The FAA and Boeing issued Emergency Airworthiness Directive 2018-23-51 on November 7th, 2018 that went to all operators of the 737 MAX worldwide, and it clearly spelled out how MCAS normally works, what can happen when the AOA sensor fails, and exactly what to do in order to immediately mitigate the problem.
(AD 2018-23-51 is located here in pdf form, read it for yourself.)
The Ethiopian Airlines pilots failed to follow the Emergency Airworthiness Directive. That is not on Boeing.
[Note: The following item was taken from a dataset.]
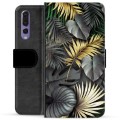 Funda Cartera Premium para Huawei P20 Pro - Hojas Doradas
Stop buying into old propaganda.
I don’t know so many details about the first crash. But I have seen enough about the second crash. Those pilots switched off the stab switches as recommended. In doing so the electric trim switches on the yoke were disabled. Yet the trim was still froze in a position that the plane was most likely going to crash. The full manual controls were useless at this point for multiple reasons. They turned the switches back on in a desperate attempt to regain electric manual control and adjust the trim. But Mcas was wound like a rubber band at that point and it instantly crashed the plane after the stab switches were turned back on.
It is important to note that MCAS had no off switch. It never stopped trying to turn the nose down(as seen on the data recorder). The stab switches do not turn it off. They only cripple Mcas by cutting power to the electric trim motors so that they cannot be used by any command process.
The System hard numerous hardware and software design faults that even an intelligent 3rd grader could have foreseen.
Stop trying to blame the pilots. It was not their fault. And even Boeing now agrees that they are the ones at fault.